Lições de jornalismo
A carta de Rodrigo Vianna
Ilustrativa a mensagem de despedida do repórter da Globo, inconformado com a cobertura das eleições Eis um clássico da história do jornalismo à brasileira. Personagem um, Rodrigo Vianna, ótimo profissional e cidadão honrado, consciente das responsabilidades de mister. Dois, a Globo, que dispensa apresentações. A renovação do contrato de Rodrigo, leal funcionário há 11 anos, estava marcada para o próximo janeiro. Esta semana, ele foi informado que não continuaria na organização. Momentos após, ao deixar a sede da emissora, descobriu que seu crachá já não o habilitava a passar pela catraca. Rodrigo e outros jornalistas da equipe não se conformaram com a linha imposta pela direção para a cobertura da recente campanha eleitoral, sobretudo nas semanas que precederam o primeiro e o segundo turno. Linha caracterizada por mentiras e omissões, a fim de favorecer a candidatura tucana. Trata-se de mais um capítulo de um enredo sem-fim, protagonizado pelos patrões da mídia nativa. Clamam assiduamente pela liberdade de imprensa, e de opinião em geral, mas é a liberdade que eles próprios pretendem para cuidar dos seus negócios nem sempre límpidos e manter os privilégios. Contam com a pronta colaboração de um exército de sabujos. Rodrigo Vianna não é um desses.

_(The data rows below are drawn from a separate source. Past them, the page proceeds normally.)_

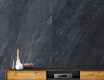 Glazed porcelain floor tile, 120x280 cm, anthracite stone, matte finish, A4H1137 Agathos Anthracite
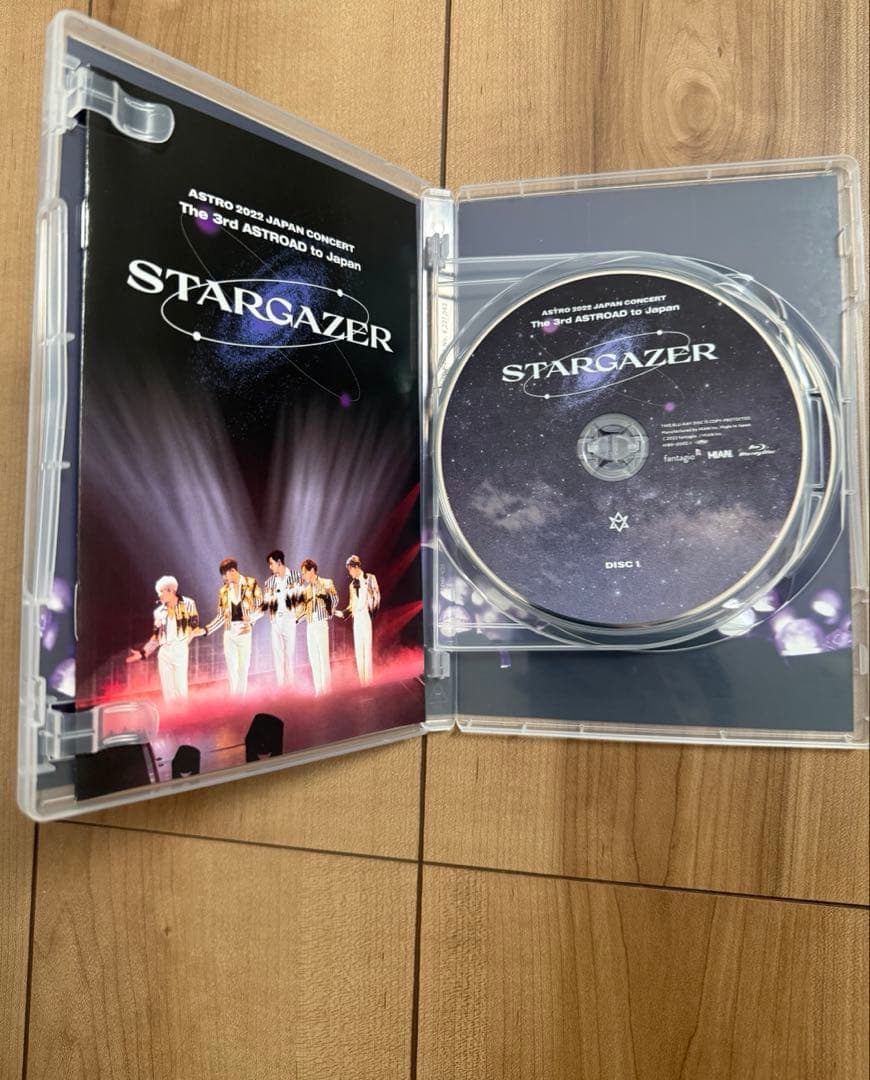 K-POP・アジア ASTRO STARGAZER Blu-ray JAPAN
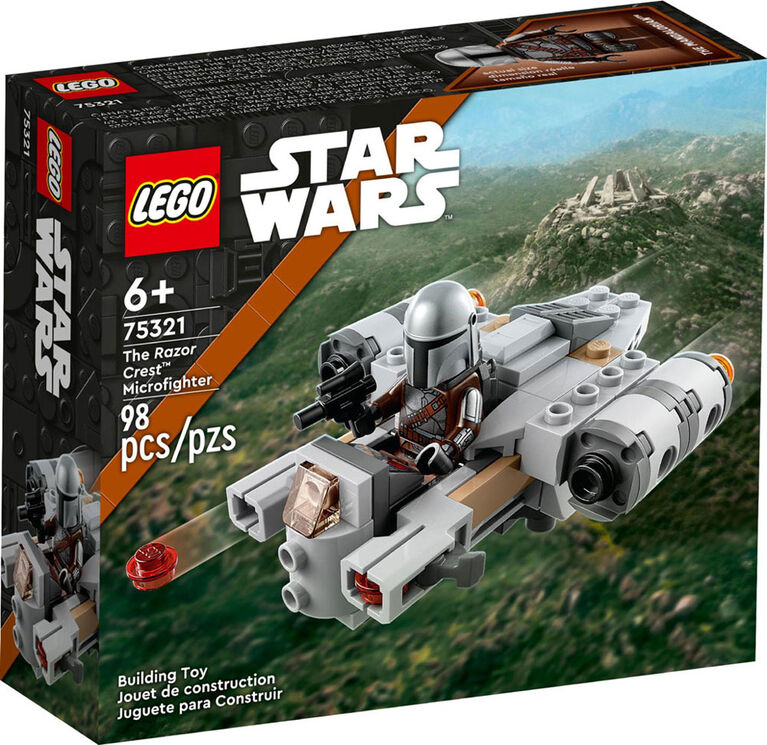 LEGO Star Wars Microvaisseau Razor Crest 75321 Ensemble de construction (98 pièces)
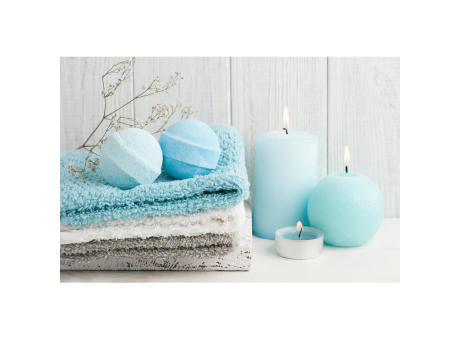 Bath Bombs Kit III. Lernspiel lieferung inklusive einer kraftpapiertasche (115 g/m²) Werbeartikel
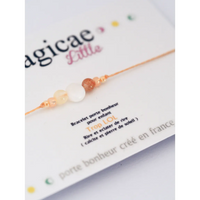 Bracelet enfant Pierre semi-précieuse, Magicae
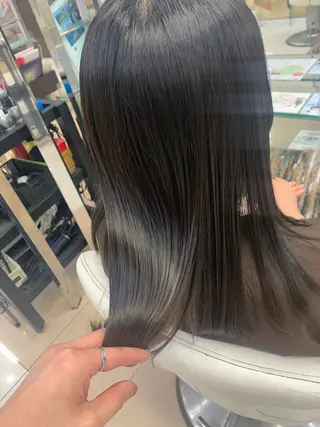 セミロング カラー EARTH kazu🐰のヘアスタイル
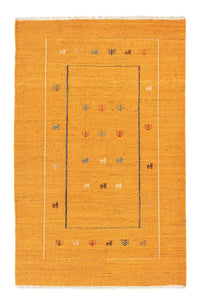 Alfombra Gabbeh - Persa - 188 x 123 cm - oro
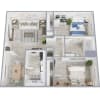 Floor plan: B1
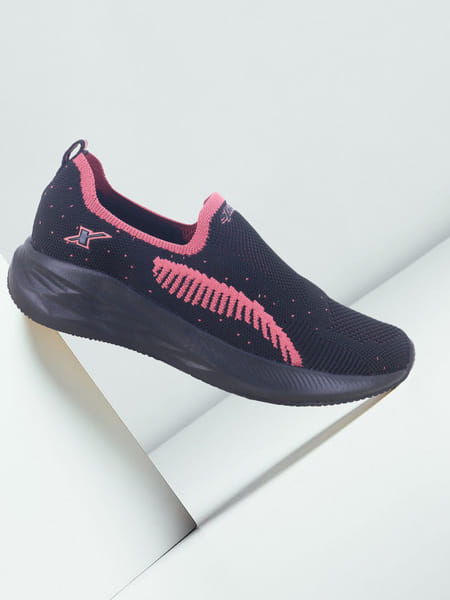 Buy Sparx Black Shoes SL 317 For Women on EMI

A todos os empregados da Globo, Rodrigo remeteu longo e-mail pelo intranet da organização. Selecionamos três trechos, que falam por si. :: Ao lado de um grupo de colegas, entrei na sala de nosso chefe em São Paulo, no dia 18 de setembro, para reclamar da cobertura e pedir equilíbrio nas matérias: “Por que não vamos repercutir a matéria da IstoÉ, mostrando que a gênese dos sanguessugas ocorreu sob os tucanos? Por que não vamos a Piracicaba, contar quem é Abel Pereira?” Nenhuma resposta convincente. E uma cobertura desastrosa. Será que acharam que ninguém ia perceber? Quando, no JN, chamavam Gedimar e Valdebran de “petistas” e, ao mesmo tempo, falavam de Abel Pereira como empresário ligado a um ex-ministro do “governo anterior”, acharam que ninguém ia achar estranho? Faltando seis dias para o primeiro turno, o “petista” Humberto Costa foi indiciado pela PF. No caso dos vampiros. O fato foi parar em manchete no JN, e isso era normal. O anormal é que, no mesmo dia, esconderam o nome de Platão, ex-assessor do ministério na época de Serra/Barjas Negri. Os chefes sabiam da existência de Platão, pediram a produtores pra checar tudo sobre ele, mas preferiram não dar. Que jornalismo é esse, que poupa e defende Platão, mas detesta Freud! Deve haver uma explicação psicanalítica para jornalismo tão seletivo! :: Os telespectadores da Globo nunca viram Serra e os tucanos entregando ambulâncias cercados pelos deputados sanguessugas. Era o que estava na tal fita do “dossiê”. Outras TVs mostraram o vídeo, a internet mostrou. A Globo, não. Provava alguma coisa contra Serra? Não. Ele não era obrigado a saber das falcatruas de deputados do baixo clero. Mas por que demos o gabinete de Freud pertinho de Lula e não demos Serra com sanguessugas? E o caso gravíssimo das perguntas para o Serra? Ouvi, de pelo menos 3 pessoas diretamente envolvidas com o SP-TV Segunda Edição, que as perguntas para o Serra, na entrevista ao vivo no jornal, às vésperas do primeiro turno, foram rigorosamente selecionadas. Aquele diretor (aquele, vocês sabem quem) teria mandado cortar todas as perguntas “desagradáveis”. A equipe do jornal ficou atônita. Entrevistas com os outros candidatos tinham sido duras, feitas com liberdade. Com o Serra, teria havido, deliberadamente, a intenção de amaciar.